Sorumuz şu: Niye bu yardım kampanyası yapılıyor?... Acaba böyle mi olmalı, yaralar böyle mi sarılmalı? 

Önce şu tespiti yapmak gerekir. Bu yaşanan bir “doğal felaket” veya “doğal afet” değil. Yani Allah’tan gelmiş olağan dışı bir durum yok. Yani sel değil, deprem değil… 

Dolayısıyla bu bir doğal felaket değil, tam anlamıyla hukuki ve fiili bir “rezalet”!... Üstelik münferit bir iş kazası da değil. Yüzlerce canın gittiği bir katliam. 

Peki kim bu rezaletin veya katliamın müsebbibi?... Firmanın bizzat kendisi ve görevini tam ve doğru yapamayan tüm ilgili devlet kurumları. 

Bir yandan firma bir yığın ihmal ve eksiklik içerisinde para kazanmanın yollarını sonuna kadar zorlamış. Ancak; basına yansıyan kayıtlara göre; yıllık yüzlerce milyon lira üretim ve satışa rağmen 1 milyon lira bile vergi vermemiş. Düşünün ki; asıl patron 3 yıldır madene uğramamış, profesyonellere ve dayı başı taşeronlara bırakmış ve düzeni buna göre kurmuş. 
Bir yandan da devletin ilgili kurumları hem mevzuat olarak ve hem de uygulama ve denetim yönüyle çuvallamış. Açıkçası “mış” gibi yapılmış. 

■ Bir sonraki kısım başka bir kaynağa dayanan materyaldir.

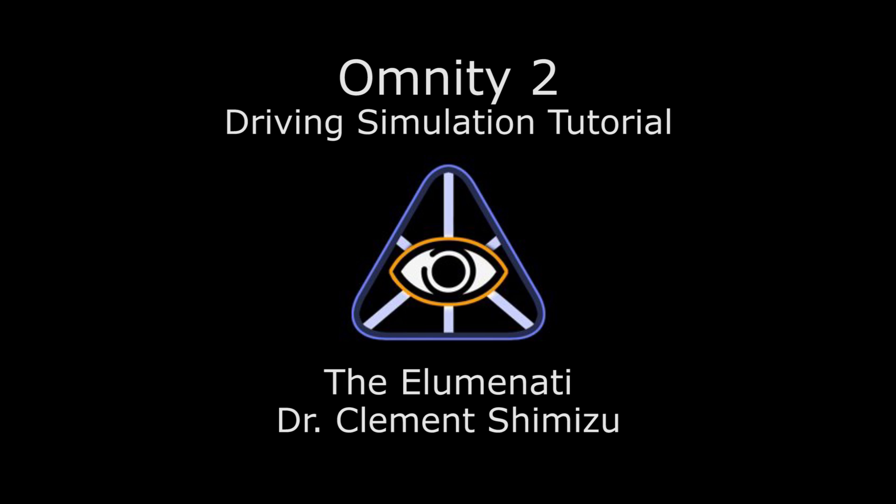Hello, I'm Dr. Clement Chimizu of the Illuminati. In this video, we are going to demonstrate how easy it is to incorporate Omniti 2 into your Unity 3D project.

Böyle bir tablo karşısında “yardım kampanyası” düzenlemek yerine başka şeyler düşünmek ve hatta yapmak gerekmez mi? Bütün bu maliyetleri öncelikle ve özellikle firmaya yüklenmesi düşünülemez mi? 

Böyle düşünülürse firma üzerinde çeşitli şekillerde tasarruf yapılabilir. Belki de ilk yapılacak şey firmaya el koymaktır. Ölenlerin ve geride kalanların yaralarını firmaya sardırmaktır. 

Düşünün ki; bir firma kazancını kendine alıyor; maliyetini ise, üstelik de devlet eliyle başkalarına yükletiyor. Bu kadarı da pes doğrusu.!... 

Alelacele 1 maddelik maden kanunu değişikliği çabasına giren hükümetin, böyle farklı bakış ile firmaya el koymanın hukuki alt yapısını oluşturması daha samimi, haklı ve etkin değil mi?... Çünkü ortada kitlesel katliam var, buna neden olan(lar) var. Bu radikal yaklaşım biçimi, bundan böyle yaşanması muhtemel büyük facialar için de önleyici olmaz mı?